The blower motor working on full speed only is definitely the resistor, but that would not cause your P1489 and P1490 codes. Those are for the high/low speed fan relays for the engine fans. Check the fuses and relays first to make sure they are ok. If you unplugged any of them with the key on this code would set as well.
I pulled the relay and the one good fan quit.. i put working relay in place of other and other fan did not turn on. Basically both relays appear to work. I just hope if it is the fan that it's very easy to replace.
On 1998 through at least part of '01 with 3.2/3.5 engines, and for all years 2.7 engines, the windings of both fan motors are hardwired in parallell after the fuses and relays - so if either fan is running, the relays are good by definition. Same with fuses - if any of the fan fuses blow, both fans would quit. (The '01 and up 3.2/3.5's are wired differently - everything I just said does not apply to them.)
Problem has to be in the fan motor or in the wire or a connector to that fan. I forget how many connectors are on the fan assembly - certainly one going in and maybe an intermediate one, and maybe one at each motor - I forget.

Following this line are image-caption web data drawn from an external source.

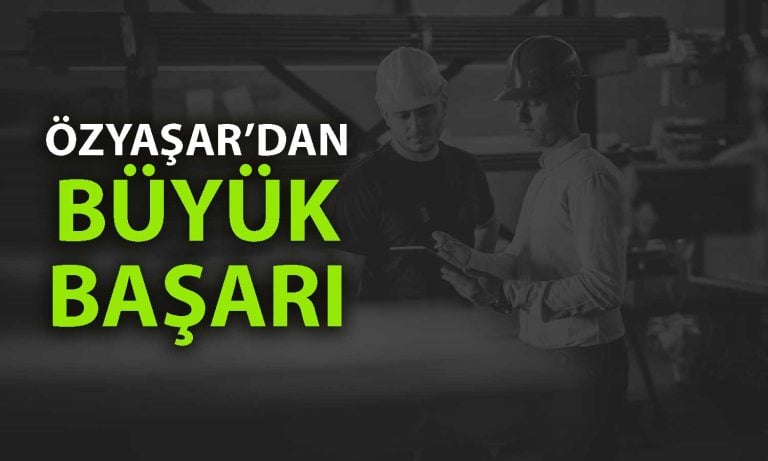 Özyaşar, Fortune 500 Türkiye listesinde yükseliyor
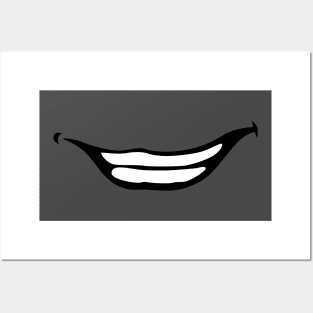 Smile Posters and Art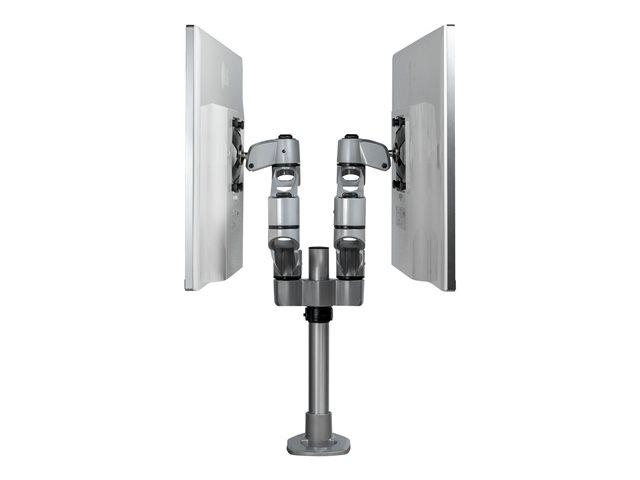 Elara StarTech.com Desk Mount Dual Monitor Arm Premium Articulating Monitor Arm Up To 27" VESA Mount Displays Height Adjustable Monitor Mount Rotating/S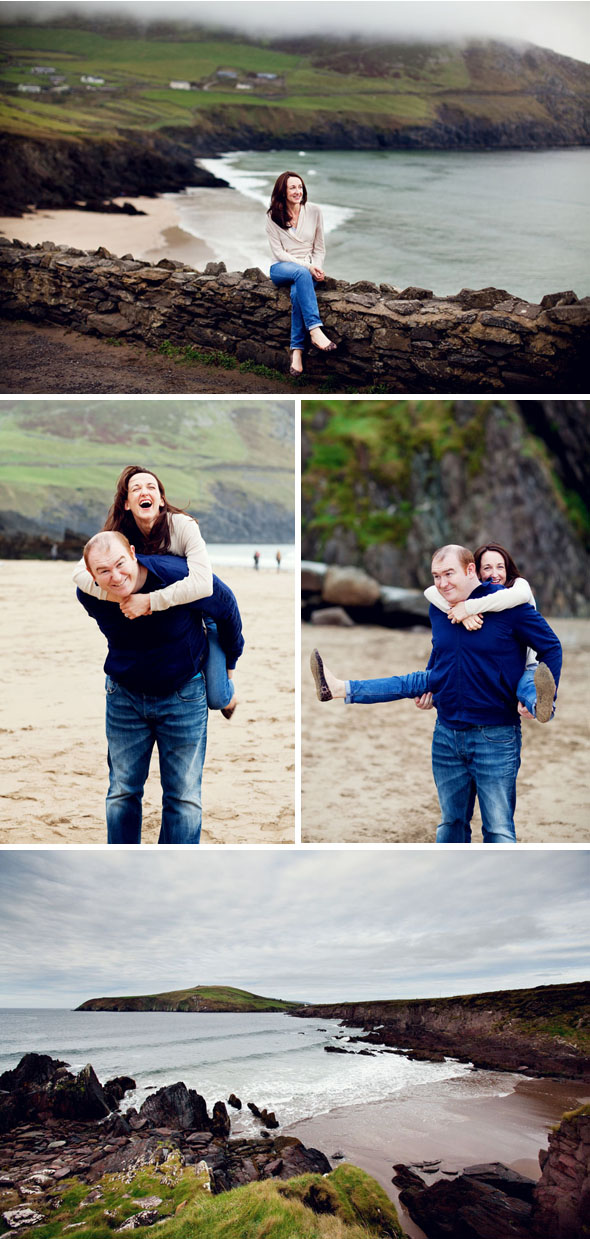 engagement photos, Ireland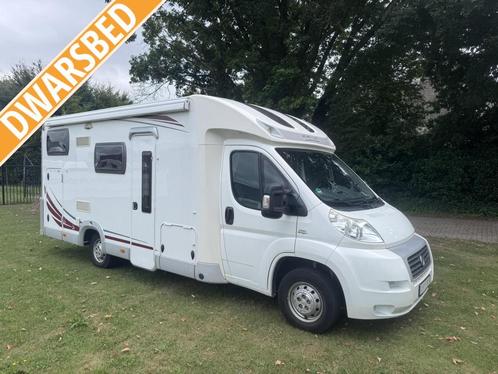 Homecar partner P671 G ruime camper Nederlandse, NAP vastbed, Caravans en Kamperen, Campers, Bedrijf, tot en met 2, Half-integraal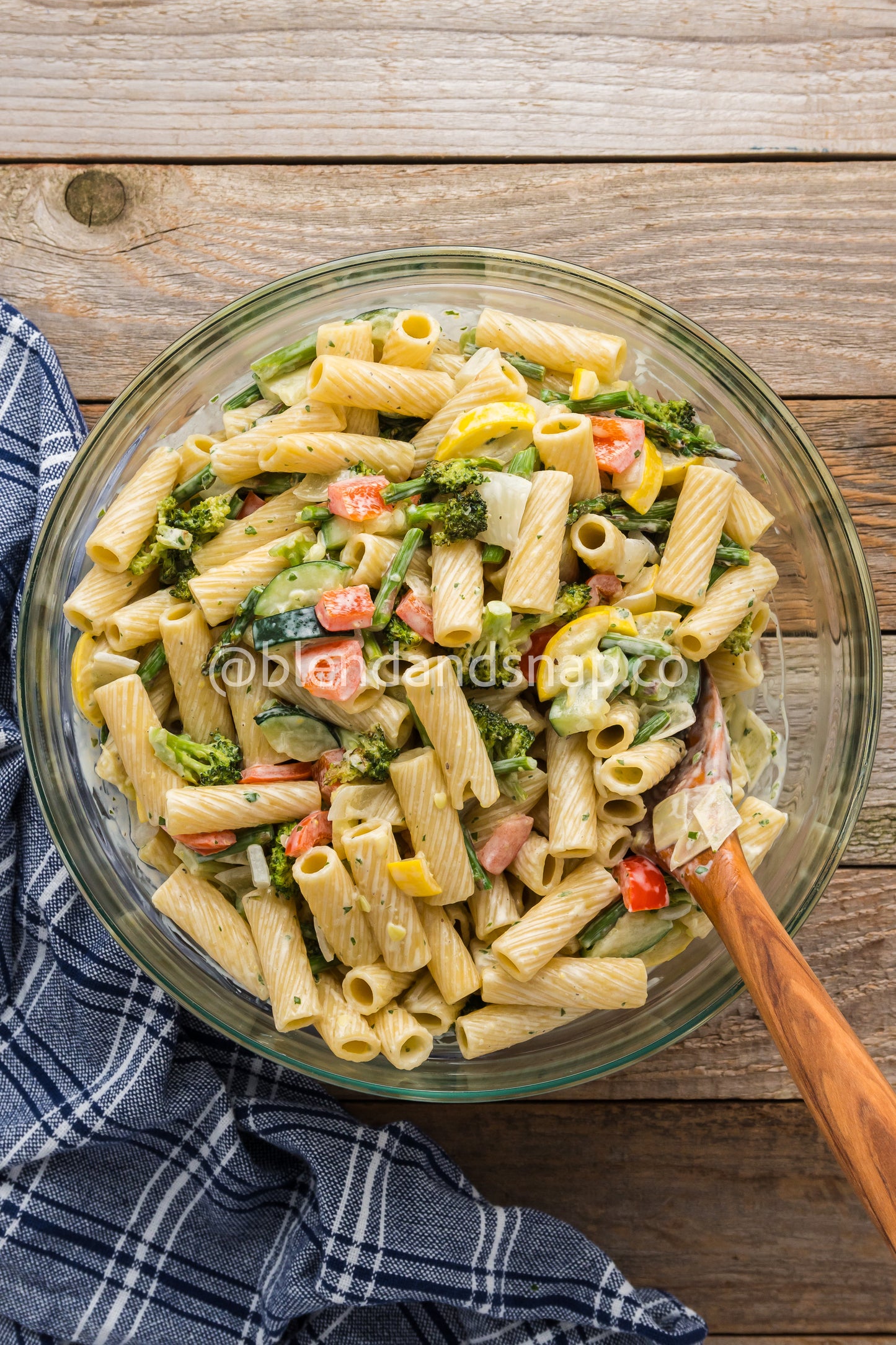 Roasted Vegetable Pasta Salad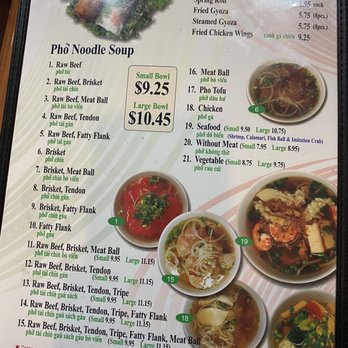 Pho World - Menu - Vietnamese Near Me - Renton, Washington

De-mate and re-mate any connectors in the fan assembly - more than one person has reported that apparently a connector was not fully mated or one of its terminals was otherwise not making good contact, and re-mating the connector fixed it.
And as had been said, could be the fan motor itself.
I'm not sure the aftermarket has that sensor, but IMO, any critical part that requires some kind of calibration or accruacy should be OEM only (aftermarket generally fails big time for those kinds of things). The evap. temp. sensor is definitely in that category.
Chrysler P/N 4734726 - $31 list, $21 from on-line discount dealers.
There is an access cover to be able to R&R the sensor. See the FSM for how to do it.